The Shanghai Composite had its best weekly rally since August last week on government support measures. The State Council announced easier access to loans for cash-strapped smaller companies, while a unit of the sovereign wealth fund began buying shares of the nation’s four biggest lenders and the Xinhua News Agency reported regulators approved cross-border exchange-traded funds.
China’s efforts to prop up economic growth won’t help it escape the hard landing that will probably arrive in 2013 or 2014, said Nouriel Roubini, chairman and co-founder of Roubini Global Economics LLC.
The prospect of a soft landing in China is a “mission impossible,” Roubini said at a seminar in Helsinki. Over- investment “always” leads a hard landing, he said.
New home prices in the most affluent cities, including Beijing, Shanghai, Shenzhen and Guangzhou, were among 30 that were unchanged from August, the statistics bureau said in a statement on its website today. A total of 16 cities posted declines in housing values and 24 recorded gains.

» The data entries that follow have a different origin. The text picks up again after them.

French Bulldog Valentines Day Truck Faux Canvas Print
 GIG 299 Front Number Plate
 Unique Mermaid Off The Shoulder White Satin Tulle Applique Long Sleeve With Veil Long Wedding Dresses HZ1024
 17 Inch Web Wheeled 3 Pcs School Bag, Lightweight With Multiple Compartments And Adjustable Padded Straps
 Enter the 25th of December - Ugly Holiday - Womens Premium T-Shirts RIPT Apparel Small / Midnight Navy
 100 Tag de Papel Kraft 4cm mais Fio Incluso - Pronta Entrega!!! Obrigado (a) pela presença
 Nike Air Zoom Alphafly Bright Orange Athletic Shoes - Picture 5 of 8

“The correction in China property market has already started,” Yao Wei, economist at Societe Generale SA, said in a phone interview. “The Chinese government would like to see home prices fall further before easing the measures.”
China Vanke declined 2 percent to 7.19 yuan. Poly Real Estate Group Co., the second-largest developer, slipped 4 percent to 8.93 yuan.
Sinohydro jumped 17 percent to 5.27 yuan. The company raised 13.5 billion yuan ($2.1 billion) by selling the shares at the bottom of a price range of 4.50 yuan to 4.80 yuan, surpassing the 9.5 billion yuan raised by Sinovel Wind Group Co. in its IPO in January. The shares were temporarily suspended in their debut today because of “abnormal” trading, the Shanghai Stock Exchange said on its website.
“Sinohydro’s businesses are viewed favorably,” Li Jun, a strategist at Central China Securities Co., said by phone. “Water conservancy is expected to rapidly develop in the next decade.”
The listing comes as China’s stock market slumps and liquidity tightens with small companies in cities such as Wenzhou facing a cash crunch.
The credit crisis in Wenzhou is a “partial” issue and does not pose “systemic risk,” Caixin Online reported yesterday, citing unidentified people close to the People’s Bank of China. Wenzhou’s request to borrow 60 billion yuan from China’s central bank won’t likely be agreed to as credit policy generally only targets certain industries and not regions, it said.